Kekuatan Hati (Bagian 5)

08.14




Bismillah ..

Semilir angin diiringi dengan lantunan ayat-ayat suci yang saling bersautan, menjadi teman terbaik malam ini. Ramadhan. Ini ciri khas bulan penuh kebahagian bagi kita. Bersemangat menomerduakan segala urusan dunia dan berlomba-lomba untuk lebih bersahabat denganNya. Meraih segala keagungan cintaNya.

Membangun pondasi setiap lapisan qolbu menjadi kewajiban setiap diri. Kelembutan dan kekuatan menjadi satu dalam sebuah wadah bernama hati. Menjadi sebaik-baik makhlukNya adalah ketika kita benar-benar kokoh dalam memperjuangkan agamanya, ditengah-tengah kesempatan kita untuk menduakanNya.

Bukan hati seorang muslim namanya ketika kita tak pernah runtuh jika berhadapan dengan sang maha Cinta. ketika kita bersanding dengan membawa segala dosa dihadapan sang pemilik hati.

Dan juga bukan hati namanya ketika kita tak kunjung membangun pondasi ditengah-tengah kerapuhan yang ada. Berkali-kali terpelosok dan kemudian bangkit.

Bukan tentang bagaimana kehinaan kita. Namun seberapa besar cinta dan keagunganNya terhadap kita, manusia. Lalu bagaimana kita terus menangisi segala dosa, dan kemudian kembali berusaha membangun iman sebagai pondasi dan landasan sebuah hati.

Sungguh, cintaNya lebih kali lipat berharganya jika dibandingkan dengan langit dan bumi sekalipun.

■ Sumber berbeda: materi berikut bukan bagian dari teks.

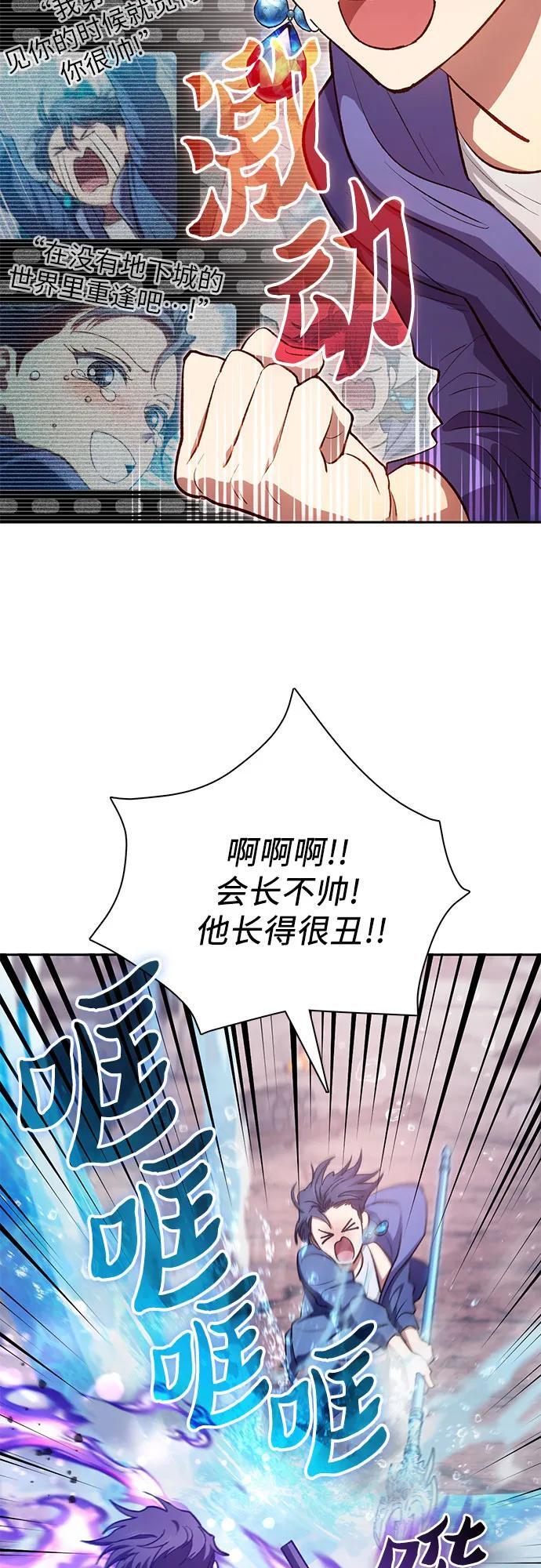 [第102话] 水的支配者（2）55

MencintaiNya akan menjadikan segala sesuatu mudah. Karena landasan diri adalah cinta kepadaNya. dunia tak lagi berharga, langit dan bumi seolah menjadi simbol kecintaan kita kepada Dia pemilik Cinta.

Barangsiapa yang meninggalkan cinta dunia 
ia akan diberi kecintaan kepada akherat.

Orang yang cerdas adalah orang yang mengevaluasi dirinya dan beramal untuk persiapan setelah mati. Orang yang lemah akal adalah orang yang memperturutkan hawa nafsunya dan banyak berangan-angan kepada Allah (HR. Tirmizi).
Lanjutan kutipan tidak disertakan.